How to complete this task: The records shown below are to be repeated exactly and completely.

Record extracts:

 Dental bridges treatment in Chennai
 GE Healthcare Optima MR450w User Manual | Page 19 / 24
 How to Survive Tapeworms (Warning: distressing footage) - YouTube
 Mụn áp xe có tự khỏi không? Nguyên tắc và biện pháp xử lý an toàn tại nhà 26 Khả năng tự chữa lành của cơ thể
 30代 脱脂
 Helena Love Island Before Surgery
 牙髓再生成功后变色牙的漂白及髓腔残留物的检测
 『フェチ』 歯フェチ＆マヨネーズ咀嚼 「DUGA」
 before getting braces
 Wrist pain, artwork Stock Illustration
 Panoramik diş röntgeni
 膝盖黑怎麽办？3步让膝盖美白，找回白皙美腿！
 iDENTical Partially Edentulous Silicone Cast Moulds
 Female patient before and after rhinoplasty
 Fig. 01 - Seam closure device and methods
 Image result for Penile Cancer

Answer to the problem:
 Dental bridges treatment in Chennai
 GE Healthcare Optima MR450w User Manual | Page 19 / 24
 How to Survive Tapeworms (Warning: distressing footage) - YouTube
 Mụn áp xe có tự khỏi không? Nguyên tắc và biện pháp xử lý an toàn tại nhà 26 Khả năng tự chữa lành của cơ thể
 30代 脱脂
 Helena Love Island Before Surgery
 牙髓再生成功后变色牙的漂白及髓腔残留物的检测
 『フェチ』 歯フェチ＆マヨネーズ咀嚼 「DUGA」
 before getting braces
 Wrist pain, artwork Stock Illustration
 Panoramik diş röntgeni
 膝盖黑怎麽办？3步让膝盖美白，找回白皙美腿！
 iDENTical Partially Edentulous Silicone Cast Moulds
 Female patient before and after rhinoplasty
 Fig. 01 - Seam closure device and methods
 Image result for Penile Cancer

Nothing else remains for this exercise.